Artificial Intelligence (AI) is showcasing transformative potential to streamline and improve therapeutic and healthcare practices. From predictive analytics to computer vision, AI technologies are breaking through traditional medical techniques to accelerate and scale multiple treatments. In an attempt to contribute to the current pandemic, Oodles AI is exploring how computer vision services can advance healthcare facilities effectively. Here are some data-driven computer vision applications in healthcare that deploys machine learning algorithms for diverse medical purposes.

Medical Image Recognition

From X-rays to CT scans and MRIs, medical professionals are required to examine complex images to analyze patient health and initiate diagnosis. Diagnostic imaging techniques are critical for qualitative as well as quantitative visual assessment to deliver various healthcare services. However, manual efforts are inefficient at identifying microscopic anomalies in medical images accurately.

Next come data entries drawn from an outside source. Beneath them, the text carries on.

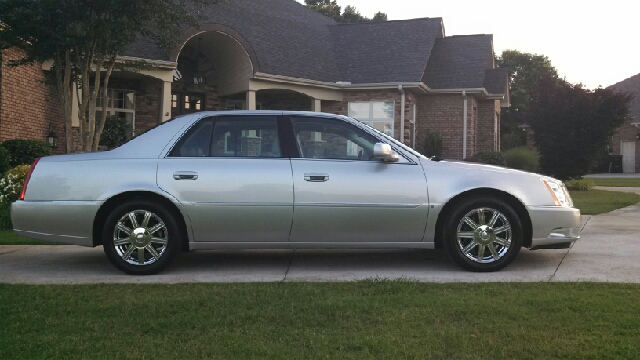 2008 Cadillac DTS Unknown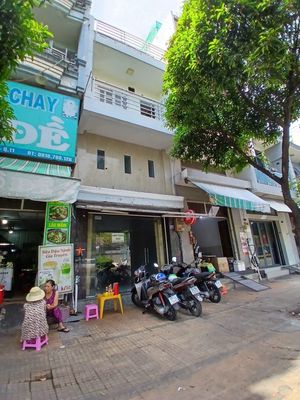 Cho thuê nhà nguyên căn (mt) lạc long quân, p5, q11, 15tr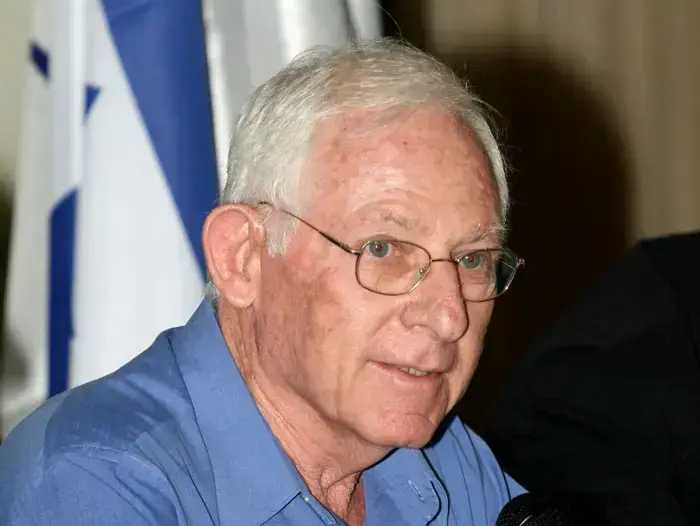 עמוס לפידות (שרון בוקוב) עמוס לפידות (שרון בוקוב)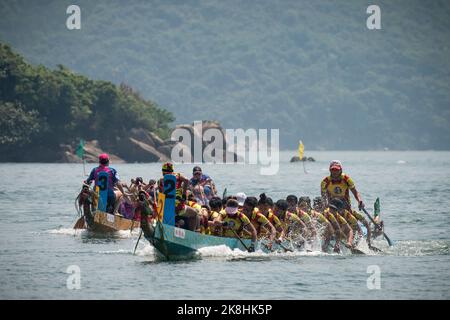 Teams in Aktion bei einem Rennen beim Drachenbootfestival in Tai Pak Bay, Discovery Bay, Lantau Island, Hongkong, 2017 Stockfoto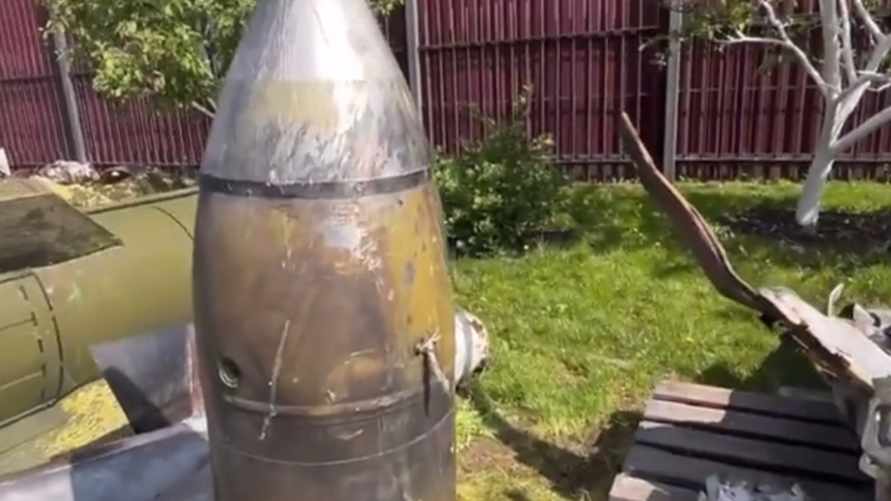В Украине показали обломки "несбиваемой" российской ракеты "Кинжал"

The advent of AI has revolutionized image processing technologies such as computer vision. Leading providers of artificial intelligence services are innovating traditional practices with computer vision for optimizing and scaling treatment across specialties.

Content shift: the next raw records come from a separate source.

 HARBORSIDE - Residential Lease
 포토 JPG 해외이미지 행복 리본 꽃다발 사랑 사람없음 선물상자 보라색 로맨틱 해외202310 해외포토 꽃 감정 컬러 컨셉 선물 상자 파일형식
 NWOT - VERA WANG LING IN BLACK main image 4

Process Segmentation of Medical Images
Image segmentation is one of the most essential medial processing practices used to extract the region of interest (ROI) in body organs or tissues.

Over time, simple equations are turning obsolete at modeling crucial objects such as lesions and anatomy in medical images accurately. Advancements in machine learning algorithms are breaking the barriers across indispensable medical imaging processes such as-

a) Computer-aided diagnosis for lung, breast, and liver cancer along with acute and chronic diseases.